Each individual vote is the best that one can do, given their limited knowledge, their prejudices, and their fears. I know people with PhDs who voted for Jill Stein, and nothing could persuade them that their vote was thrown away -- they revel in the purity of their choice.
Where "stupid" comes in is in the aggregate. The result of all these individual actions is collective stupidity. The looming climate disaster was barely mentioned in the campaigns. It is collective stupidity to elect climate-denying, corrupt fools at this moment in history, just as it is corporate stupidity to focus on quarter-to-quarter profits when the burning of fossil fuels threatens to literally end the ability of humans to live at all.
For a big chunk of my life, I was a libertarian.
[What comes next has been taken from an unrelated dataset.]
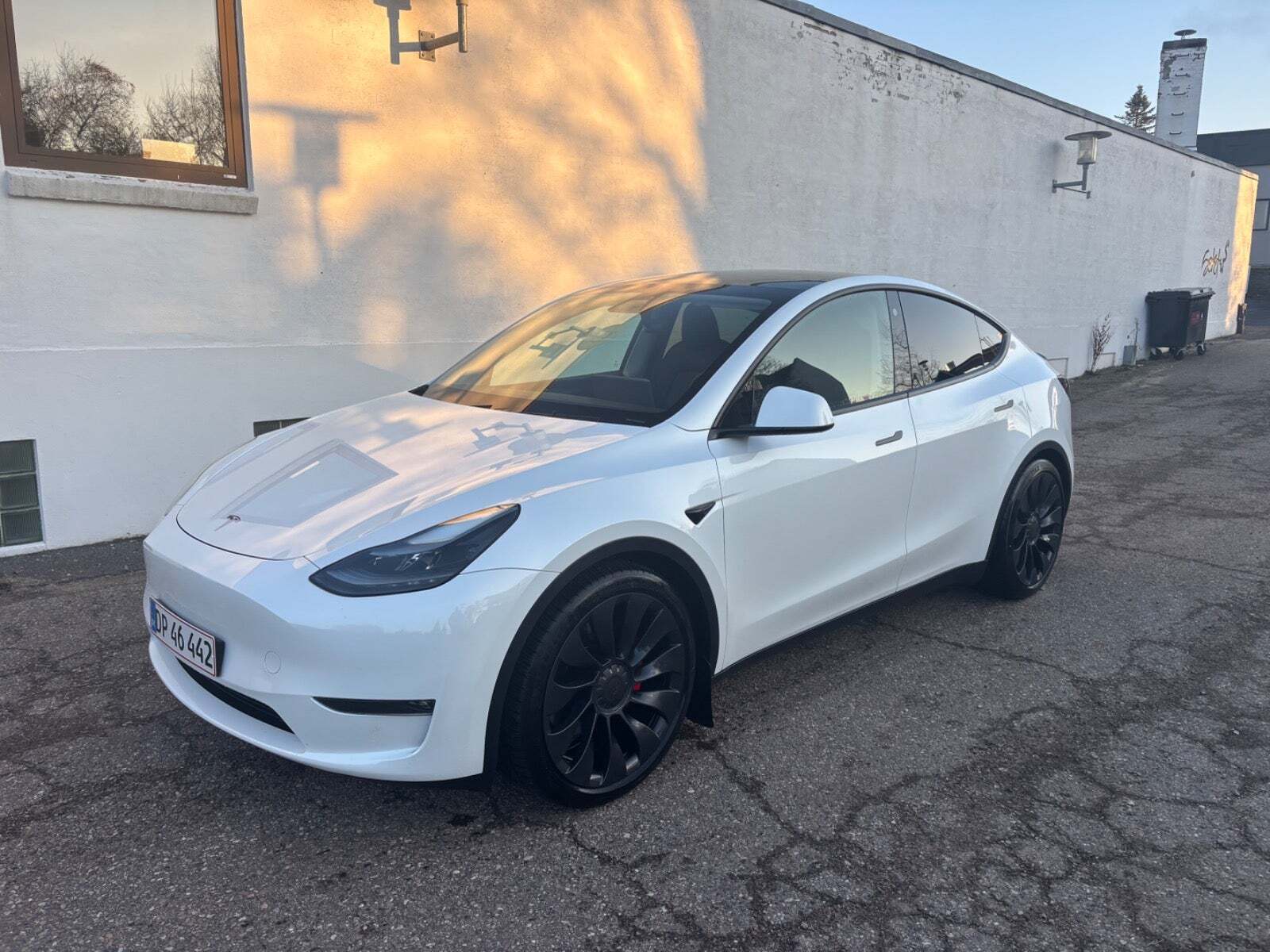 Tesla Model Y Performance AWD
Which, I finally realized, was a devotion to a silly utopian ideal in which productive geniuses would lead the way with enlightened self-interest. Burning up the planet you live on is not enlightened self-interest. Neither is selling products that kill people. There is no time now for the playing out of strong-man, fascist fantasies, or any other utopian scheme that is based on hatred of those who hold one set of ideals against those who hold another. (Fighting over pie while you are in the oven). Hands at each others' throats, they fail to see that the hurricanes, tornadoes, wildfires, heat waves, droughts, and superstorms are indifferent to politics.
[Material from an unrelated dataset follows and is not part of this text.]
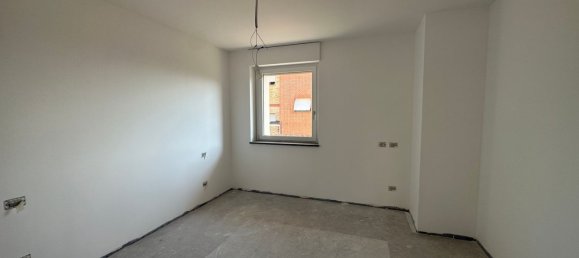 6 rooms Apartment in Macerata, Italy No. 206890 31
Only the greatest collaborative scientific and engineering effort will save the human species from the climate catastrophe. Everything else is a distraction. And yes, the word "stupid" applies, especially since we cannot wait ten or twenty years for the politics to swing round from fascist to liberal.
Bottom line: even "educated" people do stupid things, and when they do them en masse, we are collectively stupid.